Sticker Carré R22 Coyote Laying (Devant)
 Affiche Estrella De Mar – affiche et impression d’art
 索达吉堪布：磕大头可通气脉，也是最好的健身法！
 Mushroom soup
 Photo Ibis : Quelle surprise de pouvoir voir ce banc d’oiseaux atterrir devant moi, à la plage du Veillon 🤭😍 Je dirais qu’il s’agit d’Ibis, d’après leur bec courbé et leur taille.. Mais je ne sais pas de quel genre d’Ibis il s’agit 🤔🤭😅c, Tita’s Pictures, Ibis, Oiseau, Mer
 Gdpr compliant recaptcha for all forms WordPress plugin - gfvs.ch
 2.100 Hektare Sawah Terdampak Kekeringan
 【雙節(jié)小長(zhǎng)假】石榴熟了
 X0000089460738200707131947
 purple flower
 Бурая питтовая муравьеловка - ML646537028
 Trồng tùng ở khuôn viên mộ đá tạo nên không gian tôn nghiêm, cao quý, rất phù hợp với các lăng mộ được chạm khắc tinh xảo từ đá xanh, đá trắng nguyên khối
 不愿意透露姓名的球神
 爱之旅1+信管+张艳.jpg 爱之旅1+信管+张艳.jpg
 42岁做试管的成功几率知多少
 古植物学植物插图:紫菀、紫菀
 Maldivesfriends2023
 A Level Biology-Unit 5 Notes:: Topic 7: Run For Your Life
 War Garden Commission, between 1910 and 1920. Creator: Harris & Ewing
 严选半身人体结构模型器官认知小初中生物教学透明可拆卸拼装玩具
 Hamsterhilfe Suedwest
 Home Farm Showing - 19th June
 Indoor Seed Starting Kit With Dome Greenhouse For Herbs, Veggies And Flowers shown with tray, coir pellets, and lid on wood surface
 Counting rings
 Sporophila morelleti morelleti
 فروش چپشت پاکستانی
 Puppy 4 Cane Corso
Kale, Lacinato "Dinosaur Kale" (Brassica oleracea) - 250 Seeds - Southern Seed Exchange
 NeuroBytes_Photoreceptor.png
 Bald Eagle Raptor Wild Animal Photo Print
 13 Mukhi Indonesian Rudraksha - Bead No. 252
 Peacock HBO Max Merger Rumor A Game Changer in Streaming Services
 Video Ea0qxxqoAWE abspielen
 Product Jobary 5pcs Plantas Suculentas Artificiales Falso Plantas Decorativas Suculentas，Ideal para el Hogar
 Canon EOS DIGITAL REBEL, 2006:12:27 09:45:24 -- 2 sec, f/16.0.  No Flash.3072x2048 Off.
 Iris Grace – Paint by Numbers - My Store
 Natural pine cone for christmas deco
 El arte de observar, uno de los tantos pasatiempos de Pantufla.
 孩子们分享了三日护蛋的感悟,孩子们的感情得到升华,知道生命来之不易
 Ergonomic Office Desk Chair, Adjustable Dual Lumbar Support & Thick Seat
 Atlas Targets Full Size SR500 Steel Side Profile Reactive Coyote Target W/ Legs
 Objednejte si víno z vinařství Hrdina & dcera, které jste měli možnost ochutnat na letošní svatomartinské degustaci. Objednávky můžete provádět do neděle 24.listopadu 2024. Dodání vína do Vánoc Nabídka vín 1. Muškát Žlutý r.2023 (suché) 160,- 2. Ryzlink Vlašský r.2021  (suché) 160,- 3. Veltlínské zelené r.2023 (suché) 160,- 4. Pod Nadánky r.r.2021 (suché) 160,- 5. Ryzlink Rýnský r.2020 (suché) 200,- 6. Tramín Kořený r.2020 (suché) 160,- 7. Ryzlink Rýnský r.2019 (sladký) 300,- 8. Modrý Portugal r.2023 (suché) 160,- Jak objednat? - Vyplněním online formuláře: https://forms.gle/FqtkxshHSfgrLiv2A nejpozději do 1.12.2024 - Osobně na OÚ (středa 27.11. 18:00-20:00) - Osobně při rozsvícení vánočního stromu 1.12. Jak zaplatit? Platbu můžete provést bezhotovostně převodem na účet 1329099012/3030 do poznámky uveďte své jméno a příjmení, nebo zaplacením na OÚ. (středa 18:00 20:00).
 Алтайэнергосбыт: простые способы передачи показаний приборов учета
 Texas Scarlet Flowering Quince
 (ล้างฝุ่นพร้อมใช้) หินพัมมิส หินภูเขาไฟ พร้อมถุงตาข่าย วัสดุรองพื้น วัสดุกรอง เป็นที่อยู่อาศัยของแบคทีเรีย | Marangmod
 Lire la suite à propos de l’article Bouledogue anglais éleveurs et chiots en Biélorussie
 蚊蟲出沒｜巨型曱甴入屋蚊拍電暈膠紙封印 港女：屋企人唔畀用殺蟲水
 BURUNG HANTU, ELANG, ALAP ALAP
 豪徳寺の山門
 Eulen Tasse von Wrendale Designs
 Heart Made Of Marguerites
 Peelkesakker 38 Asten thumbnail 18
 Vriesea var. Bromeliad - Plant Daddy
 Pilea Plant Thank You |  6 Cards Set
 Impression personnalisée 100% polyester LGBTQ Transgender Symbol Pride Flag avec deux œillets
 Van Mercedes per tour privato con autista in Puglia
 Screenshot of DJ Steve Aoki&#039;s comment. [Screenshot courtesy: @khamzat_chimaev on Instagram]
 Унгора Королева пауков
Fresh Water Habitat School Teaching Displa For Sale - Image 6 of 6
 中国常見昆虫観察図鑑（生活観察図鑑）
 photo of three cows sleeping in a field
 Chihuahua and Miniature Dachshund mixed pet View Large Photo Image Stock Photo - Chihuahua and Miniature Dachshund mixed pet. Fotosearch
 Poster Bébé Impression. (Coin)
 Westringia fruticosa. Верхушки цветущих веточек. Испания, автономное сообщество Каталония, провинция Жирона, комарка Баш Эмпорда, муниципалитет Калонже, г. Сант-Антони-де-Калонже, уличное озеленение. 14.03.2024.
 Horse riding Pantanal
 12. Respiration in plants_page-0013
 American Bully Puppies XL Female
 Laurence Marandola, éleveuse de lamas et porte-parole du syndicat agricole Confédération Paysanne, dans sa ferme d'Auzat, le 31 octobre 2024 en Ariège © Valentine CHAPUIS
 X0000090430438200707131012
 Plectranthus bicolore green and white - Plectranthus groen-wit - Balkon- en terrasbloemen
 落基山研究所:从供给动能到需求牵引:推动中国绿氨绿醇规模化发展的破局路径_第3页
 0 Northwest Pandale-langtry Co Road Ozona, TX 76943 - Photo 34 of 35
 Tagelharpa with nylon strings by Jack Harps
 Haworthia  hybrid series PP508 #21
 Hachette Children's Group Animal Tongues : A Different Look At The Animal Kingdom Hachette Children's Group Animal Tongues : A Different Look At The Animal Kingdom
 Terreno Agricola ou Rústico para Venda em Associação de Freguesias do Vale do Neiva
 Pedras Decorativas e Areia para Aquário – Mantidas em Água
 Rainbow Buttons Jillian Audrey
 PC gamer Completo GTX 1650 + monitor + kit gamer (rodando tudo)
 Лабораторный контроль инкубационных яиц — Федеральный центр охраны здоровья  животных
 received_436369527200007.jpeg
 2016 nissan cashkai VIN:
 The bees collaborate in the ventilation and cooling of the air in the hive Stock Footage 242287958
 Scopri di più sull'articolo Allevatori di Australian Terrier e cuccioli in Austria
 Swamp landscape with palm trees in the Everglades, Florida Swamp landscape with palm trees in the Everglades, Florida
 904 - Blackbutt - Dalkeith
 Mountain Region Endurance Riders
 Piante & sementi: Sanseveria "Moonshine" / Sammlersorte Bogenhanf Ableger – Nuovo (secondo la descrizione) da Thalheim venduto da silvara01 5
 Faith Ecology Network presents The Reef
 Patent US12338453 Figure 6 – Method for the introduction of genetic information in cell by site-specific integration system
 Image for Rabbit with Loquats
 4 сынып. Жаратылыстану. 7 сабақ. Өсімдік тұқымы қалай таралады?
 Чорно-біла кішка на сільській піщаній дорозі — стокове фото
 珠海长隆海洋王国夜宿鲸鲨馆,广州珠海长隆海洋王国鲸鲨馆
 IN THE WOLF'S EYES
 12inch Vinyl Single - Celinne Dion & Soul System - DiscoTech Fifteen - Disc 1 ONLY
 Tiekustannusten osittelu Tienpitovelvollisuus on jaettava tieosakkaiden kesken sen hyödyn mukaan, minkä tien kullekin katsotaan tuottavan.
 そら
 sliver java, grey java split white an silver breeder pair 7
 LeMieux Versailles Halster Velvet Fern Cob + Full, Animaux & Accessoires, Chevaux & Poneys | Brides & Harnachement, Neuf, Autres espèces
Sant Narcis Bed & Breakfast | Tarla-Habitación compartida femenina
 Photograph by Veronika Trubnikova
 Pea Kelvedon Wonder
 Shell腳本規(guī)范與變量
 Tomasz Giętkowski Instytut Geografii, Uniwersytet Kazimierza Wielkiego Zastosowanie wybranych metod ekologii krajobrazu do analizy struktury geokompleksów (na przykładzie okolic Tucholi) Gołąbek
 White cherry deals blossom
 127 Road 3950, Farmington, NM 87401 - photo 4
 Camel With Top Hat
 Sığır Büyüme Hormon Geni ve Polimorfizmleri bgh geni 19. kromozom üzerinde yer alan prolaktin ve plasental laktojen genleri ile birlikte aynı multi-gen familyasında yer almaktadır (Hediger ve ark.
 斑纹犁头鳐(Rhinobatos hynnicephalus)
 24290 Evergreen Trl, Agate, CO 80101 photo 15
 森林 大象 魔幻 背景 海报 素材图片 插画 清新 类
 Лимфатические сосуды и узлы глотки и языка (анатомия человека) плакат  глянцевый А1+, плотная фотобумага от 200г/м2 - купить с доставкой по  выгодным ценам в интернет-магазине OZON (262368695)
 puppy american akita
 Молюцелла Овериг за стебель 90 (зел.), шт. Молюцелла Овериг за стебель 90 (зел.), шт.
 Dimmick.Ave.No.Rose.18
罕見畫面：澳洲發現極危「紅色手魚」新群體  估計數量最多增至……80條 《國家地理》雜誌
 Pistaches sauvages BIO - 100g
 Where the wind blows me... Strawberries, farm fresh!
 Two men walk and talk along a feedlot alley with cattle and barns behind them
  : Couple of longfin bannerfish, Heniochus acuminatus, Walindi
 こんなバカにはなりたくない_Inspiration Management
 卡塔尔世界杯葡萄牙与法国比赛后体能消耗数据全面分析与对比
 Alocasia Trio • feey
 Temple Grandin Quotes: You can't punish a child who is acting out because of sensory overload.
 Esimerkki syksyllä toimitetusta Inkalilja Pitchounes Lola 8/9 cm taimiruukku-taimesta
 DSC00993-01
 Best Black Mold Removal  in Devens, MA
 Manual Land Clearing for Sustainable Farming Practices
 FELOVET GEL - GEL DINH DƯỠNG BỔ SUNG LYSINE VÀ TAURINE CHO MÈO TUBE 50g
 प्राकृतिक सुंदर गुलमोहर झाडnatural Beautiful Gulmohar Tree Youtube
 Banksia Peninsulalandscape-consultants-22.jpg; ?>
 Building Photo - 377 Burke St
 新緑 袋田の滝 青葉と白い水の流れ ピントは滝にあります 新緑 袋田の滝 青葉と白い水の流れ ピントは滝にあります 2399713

========================================================================

Task statement
Go through the records above and copy each line where "Stock" is found.

Answer to the problem
 Chihuahua and Miniature Dachshund mixed pet View Large Photo Image Stock Photo - Chihuahua and Miniature Dachshund mixed pet. Fotosearch
 The bees collaborate in the ventilation and cooling of the air in the hive Stock Footage 242287958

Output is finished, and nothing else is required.